Estou sofrendo porque eu sei que você, como sempre, levará arroz com passas. E que mesmo depois do meu claro “Não quero arroz, obrigada!”, fazendo-se de surda, colocará uma puta colherada em meu prato. Ou duas, pro meu desespero. Passas só combinam com panetone, tia! Passas fodem o arroz, tia! Uma pesquisa realizada pela Universidade de Massachusetts concluiu que comer uva-passa com arroz acelera a chegada menopausa e queda das tetas, juro! É isso que você quer? Se for, soca mais uva-passa no arroz, que tá pouco. E se acha que sou a única que não gosta de passas no arroz, está enganada: um dia, quando você estava cochilando no sofá da sala, eu flagrei o tio Roberto jogando todo o arroz da travessa no potinho de ração do Bob, que saiu correndo na hora, como se tivesse visto um espírito.
Mas as passas não são a pior parte do Natal, pode apostar. Pois eu posso tirá-las, como já fiz várias vezes, sorrateiramente. Sabe a pior parte? Não, não é a piadinha do pavê (“É pavê ou pra comer?”) que o vô certamente fará, mais uma vez, como se fosse inédita e engraçada. Nem o esforço que terei de fazer para não mandar uma cara de “Que bosta, vou ter que trocar” quando abrir o presente de amigo secreto. Quer saber a pior parte? As perguntas que você me faz, todos os anos! As mesmas perguntas idiotas! Quando estou solteira, você lança: “E os namoradinhos, cadê?“ Quando estou namorando, você manda: “Quando é que vão casar, hein?” E, se um dia aparecer casada – coisa que não pretendo! -, perguntará a mesmíssima coisa que pergunta à Livinha desde o primeiro Natal que ela passou de aliança na mão esquerda: “E os filhos, quando terá?”.

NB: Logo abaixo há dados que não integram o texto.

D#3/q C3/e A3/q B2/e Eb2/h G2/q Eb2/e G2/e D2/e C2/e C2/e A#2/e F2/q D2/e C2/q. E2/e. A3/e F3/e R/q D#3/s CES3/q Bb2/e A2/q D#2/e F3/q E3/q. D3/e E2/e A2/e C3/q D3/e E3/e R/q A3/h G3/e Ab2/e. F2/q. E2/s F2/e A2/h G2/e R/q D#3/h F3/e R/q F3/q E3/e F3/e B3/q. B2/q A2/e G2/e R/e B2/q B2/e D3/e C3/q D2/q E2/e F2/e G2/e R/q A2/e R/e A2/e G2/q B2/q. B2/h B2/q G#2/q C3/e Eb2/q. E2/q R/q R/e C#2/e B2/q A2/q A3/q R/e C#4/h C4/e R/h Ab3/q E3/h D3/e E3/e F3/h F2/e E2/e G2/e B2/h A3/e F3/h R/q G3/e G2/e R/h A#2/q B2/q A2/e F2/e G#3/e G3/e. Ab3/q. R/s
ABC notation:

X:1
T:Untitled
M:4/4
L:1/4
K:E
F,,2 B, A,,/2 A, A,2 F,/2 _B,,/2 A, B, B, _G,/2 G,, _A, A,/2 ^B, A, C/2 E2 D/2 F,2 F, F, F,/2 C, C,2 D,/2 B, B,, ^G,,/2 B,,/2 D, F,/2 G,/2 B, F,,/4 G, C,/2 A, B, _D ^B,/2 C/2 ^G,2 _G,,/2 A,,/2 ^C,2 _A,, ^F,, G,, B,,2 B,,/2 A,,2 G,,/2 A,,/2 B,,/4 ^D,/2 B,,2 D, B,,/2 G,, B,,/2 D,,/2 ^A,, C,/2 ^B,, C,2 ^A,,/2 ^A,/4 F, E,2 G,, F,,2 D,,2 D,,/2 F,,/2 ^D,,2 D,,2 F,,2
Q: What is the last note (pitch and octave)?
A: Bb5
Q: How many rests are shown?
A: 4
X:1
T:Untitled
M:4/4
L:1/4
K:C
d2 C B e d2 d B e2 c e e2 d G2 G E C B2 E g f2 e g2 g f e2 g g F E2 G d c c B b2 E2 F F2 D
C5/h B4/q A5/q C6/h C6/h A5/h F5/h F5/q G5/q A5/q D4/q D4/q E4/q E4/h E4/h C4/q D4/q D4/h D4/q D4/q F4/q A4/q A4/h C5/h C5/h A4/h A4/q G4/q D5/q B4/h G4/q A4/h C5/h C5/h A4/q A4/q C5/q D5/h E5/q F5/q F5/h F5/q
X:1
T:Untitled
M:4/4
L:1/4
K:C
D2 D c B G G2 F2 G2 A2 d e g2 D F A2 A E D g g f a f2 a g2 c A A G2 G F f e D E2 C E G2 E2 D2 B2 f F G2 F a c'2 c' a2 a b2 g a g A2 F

Quem lhe falou que estar solteira é ruim, hein? Porque sempre que estou sem ninguém, você me olha com pena, como se eu tivesse com o mindinho preso a uma escada rolante. Quem lhe disse que casar é o passo seguinte e – imprescindível – ao namoro? Não posso simplesmente namorar, para sempre? E quem lhe contou que ter filhos é uma necessidade àqueles que estão casados? Pois saiba eu prefiro gastar meu dinheiro com viagens e coisas que não sujam fraldas! Preciso desenhar, tia? Ou deu pra entender?
Apesar de achá-lo horrível, eu não me incomodo, nem um pouco, com seu corte de cabelo anos setenta. Nem com aquele blazer de ombreira que você usa, quase sempre. Afinal, apesar de serem antiquados, não impactam a minha vida. Porém, não posso dizer o mesmo das suas perguntas e pensamentos fora de moda, tia. Pois elas, todos os anos, fazem-me lembrar de que ainda estamos muito atrasados, saca? E que ideias empoeiradas – e que me causam verdadeiras reações alérgicas! – ainda persistem; até mesmo nas melhores famílias.
Que tal um Natal diferente este ano, hein? Que tal um Natal sem “Coitada da faluna, descobriu que o filho é gay!”? Que tal um Natal em que mostrar os velhos preconceitos seja algo mil vezes mais vergonhoso do que expor a tatuagem nova? Que tal um Natal no qual o neto que passou em medicina não seja mais paparicado do que aquele que quer ser músico? Que tal um Natal em que o casamento não seja visto como sinônimo de sucesso e a solteirice como exemplo de fracasso? Que tal um Natal em que o namorado negro da prima branca não seja recebido com olhos arregalados? Que tal um Natal em que os homens também ajudem a lavar as louças e a tirar os pratos da mesa? Pode ser? Você me ajuda?
Ou, mais uma vez, ficarei o tempo todo jogando videogame com as crianças e fazendo o possível para distraí-las, evitando que prestem atenção nos muitos preconceitos que vocês, adultos, expõe todos os anos em forma de piada ilusoriamente inofensiva e pergunta desnecessariamente repetida. Afinal, as crianças são o futuro, não são? E não quero que cresçam pensando que só serão bem-sucedidas quando se casarem com alguém do sexo oposto, tiverem filhos de olhos azuis e conquistarem um diploma de medicina, o que é uma tremenda idiotice.
Até o Natal, dia em que comentários referentes ao novo Star Wars e arroz sem a presença do lado negro da força, surpreendentemente, vão me impedir de achar que estou num déjà vu, condenado a um episódio repetido.